ジェイコブ

シアター・キャンプのジェイコブのネタバレレビュー・内容・結末

シアター・キャンプ(2023年製作の映画)
4.2

このレビューはネタバレを含みます

これまで多くの才能ある子供達を輩出したアメリカ郊外にある「シアターキャンプ」。創設者にしてカリスマ的指導者のジェーンは、子供達の劇を鑑賞中に演出のストロボで発作を起こし、昏睡状態に陥ってしまう。これまで資金繰りに頭を悩ませていたキャンプの経営は、ジェーンが倒れた事により危機的状況を迎え、キャンプの土地を狙う大企業の魔の手も迫っていた。そんな中「ビジネス開発演出家」を自称するジェーンの息子トロイは、母親の意思を継ぎ、キャンプの経営建て直しを図る。トロイのアイデアはどれも空回りばかりで、しまいにはキャンプの土地までも大企業に売り渡してしまう。同じ頃、結束の強かったシアターキャンプ内にも不協和音が流れ始め……。
アメリカで本当にありそうな演劇をテーマにしたサマーキャンプに密着するモキュメンタリー。
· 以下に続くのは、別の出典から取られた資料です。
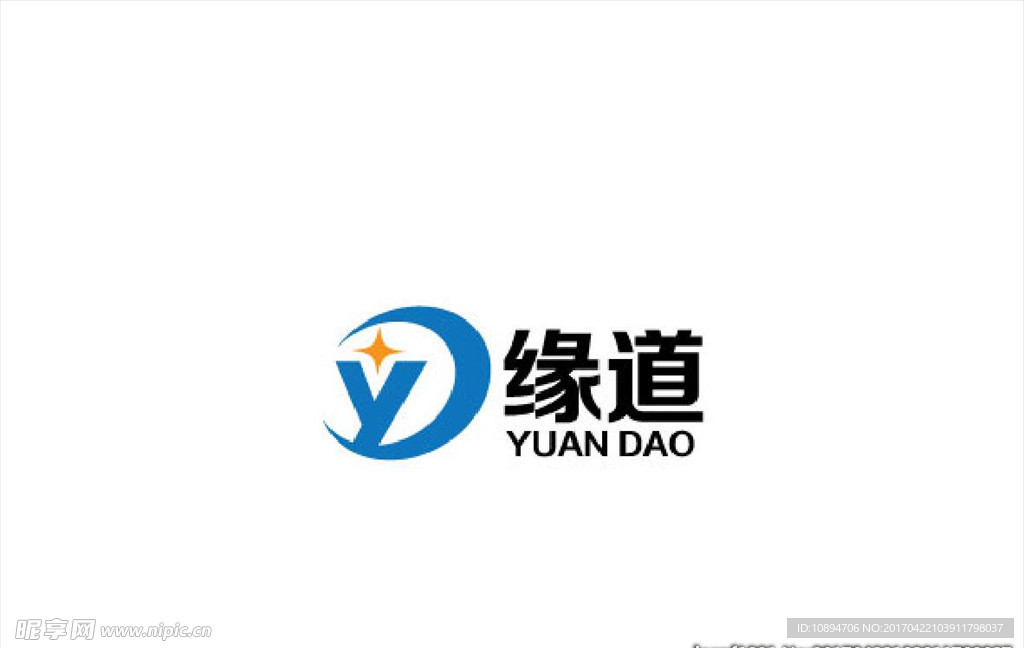 产品标志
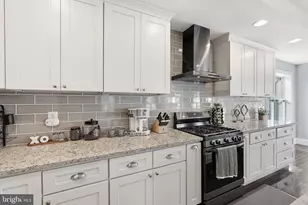 908 N Stonestreet Ave, Rockville, MD 20850 - Photo 11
監督主演を務めるのは、「ブックスマート」のモリー・ゴードン。演劇に人生をかけるシアターキャンプの面々に対して、ビジネス視点で物事を考える演劇素人のトロイ。これまでジェーンというカリスマがいた事でまとまっていた組織が、彼女が倒れた事でその結束が揺らいでしまい、しいては買収の危機にも瀕してしまう。危機を招いた張本人であるトロイは、シアターキャンプにとって異物そのものであるが、今までにない視点を持った彼が混じった事によってグレンを主演に迎えたショーを実現することができた。まあだからといって、あの間抜けぶりにイラッとさせられるのは変わりないが笑
演劇に少しでも携わったことのある人であれば分かるかもしれないが、演劇界はとにかく変わり者が多い世界。互いの個性が主張し合うがゆえにしょっちゅう揉め事は起きるし、その上大半の劇団が資金繰りに苦しんでいる。だからこそ、そんな俳優達が舞台上で演じる役一つ一つにそれぞれの人生が映し出されているように感じることもあるし、多くの観客が魅了される。そう考えると、シアターキャンプ内部のゴタゴタは演劇界的に見たらどこにでもあるありふれた日常の一コマと言える。
最後のショーは思わず涙してしまうほどの完成度の高さ。子供達のパワフルさはさることながら、裏方専門でこき使われてたグレンが、実は圧倒的才能の塊で、ものの一日でミュージカルの主演を務めてしまうのも圧巻と言わざるを得ない。生で観劇してたらボロ泣きしてスタンディングオベーションしてそう笑。
最後にちゃんとオチもつけつつ、やはりトロイはトロイだったかと思える終わり方も良かった。だたモキュメンタリーであれば、多少なりとも「取材班」の存在を示してほしかったのが唯一の心残り。